FEATURE

 

 

Marsh Guiding Students Through Past to Future

Jennifer Moore, staff writer

 

Marsha Marsh believes that she is teaching students the fundamentals of performing well in future college courses.

With a career that started in high school, she views teaching as a responsibility to students.

"Teaching is a responsibility people have who love learning," said Marsh, who is in her second year as a history and geography instructor at South Plains College. "Giving back the understanding and knowledge one has gained through school is important, and so is the chance to positively influence others in a more wide-ranging way than most people have a chance to do. Since learning has been such an important part of my life for so long, teaching seems a natural vocation, too."

Marsh has earned several degrees. She earned her A.B., a bachelor of arts degree, from Harvard University in Linguistics and Computer Science in 1989. She went on to attend graduate school, studying astrophysics at the University of Maryland, and studied for a doctoral degree at the University of Wyoming, but did not finish.

In 1993, Marsh came to SPC to study commercial music and graduated in 1995 with highest honors. She later earned a master's degree in environmental evaluation, an interdisciplinary degree in natural resources management and policy in 1998 she was studying for a doctorate in land use, planning, management and design when she was hired by SPC as the Learning Center lab instructor.

She was awarded a Regents Scholarship to the Texas Tech University School of Law in 1995, but did not attend. In 2001, she enrolled in Concord University Law School online for a semester, and has most recently been working toward a master of arts degree in history at Tech.

Marsh began her teaching career in high school as a math teaching assistant in a special program for gifted students. She also taught one summer at the Talent Identification Program at Duke University. She then went on to serve as a graduate teaching assistant in astronomy at Maryland and Wyoming while she was a graduate student. When she attended SPC, she served as a tutor in music theory and math.

Marsh believes that her classes and others at SPC will help prepare students for college courses and life experiences later on.
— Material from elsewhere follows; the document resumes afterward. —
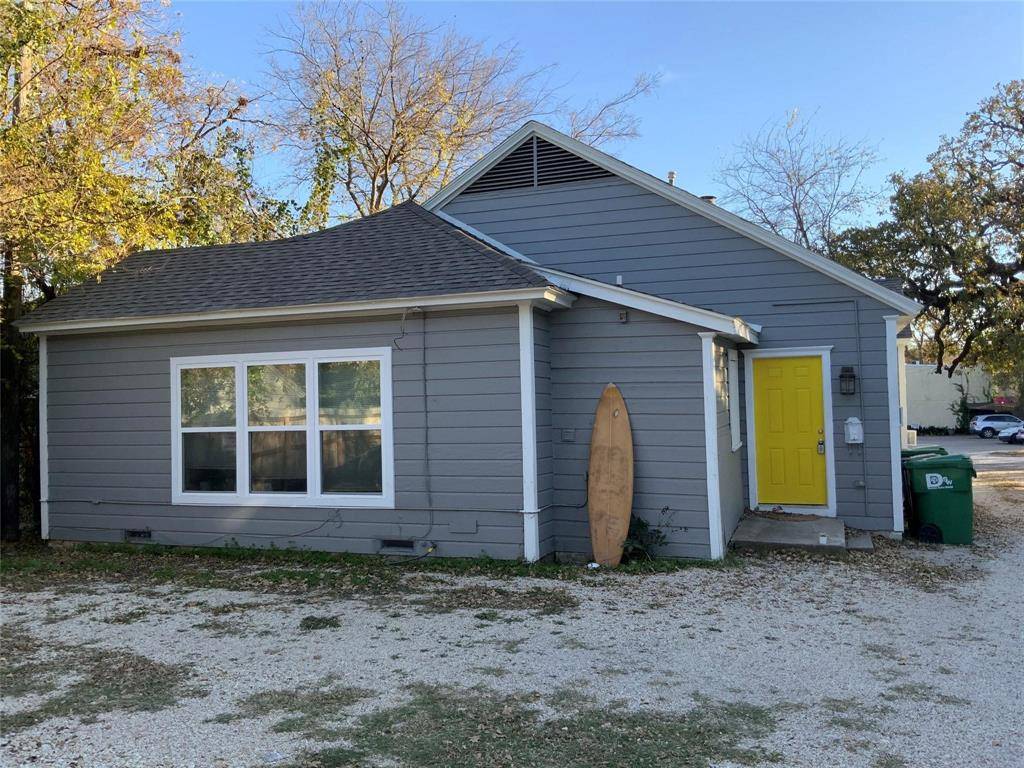 608 W Hickory Street #B, Denton, TX 76201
"At least in the academic, non-technical programs, students are not at SPC primarily to learn specific facts or a body of knowledge, although we all hope they'll remember what we're teaching them, at least until the end of the semester," she said. "Speaking realistically, most of those facts will probably soon be forgotten. Instead, they are here to train their brains to think in a certain critical way -- an approach that they'll use in other courses, in their job experiences, in their personal decision-making -- to thinking, since they'll use that same brain they bring to my class to think about everything they do from now on."

In order to learn these lessons, Marsh believes that attendance is an important element in a  student’s success.
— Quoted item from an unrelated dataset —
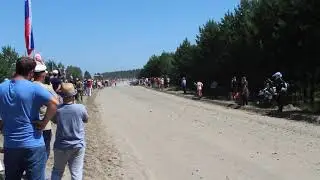 Rally Russia Шелковый путь 2021-1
“I advise them [students] to come to class,” she said.  “They might learn something.  Meaning, they might learn something, even if it's not what they expect to get in that class. I tell them, you never know when something a teacher says, or a question a classmate asks, might make you think of something  else.  Understanding something else from that same course, making a connection with something you're studying in another course, or fitting together as a whole some set of things you've been thinking about in school or life. That kind of connection can only happen if you're in class.”

In addition to teaching history, Marsh also has interests in the study of history, as well as some more diverse pursuits.

“My interests include the history and culture of New Mexico, especially northern New Mexico,” she said.  “Also, my current professional and research interest include hiking and being outside, xeriscape gardening and reading, especially about Western history and the Western environment.  I don't consider reading a hobby, though, and cats. I have traveled to Nepal, India, and Kashmir, including hiking to, but not up, Mt.. Everest, and continue to be interested in the culture of that region of the world. I like to play and listen to klezmer music, as well as still being interested in bluegrass. I am interested in the history and culture of my native Appalachia too.“

Marsh has also won a Golden Reel Award for female Bluegrass Vocalist of the Year in 1995 and 1996.  She has served in the faculty senate and was vice-president and president-elect in 2002 and 2003

Marsh said that SPC 's growth over the years has not overshadowed the small-school closeness.

"SPC is a family," she said. "It has been my family for 12 years. The people are wonderful, and I feel part of something special. Even though we've grown so much, the school is still small enough that everyone knows everyone else, and we get to know and care about our students in a way that is meaningful to them as well because our classes are so small."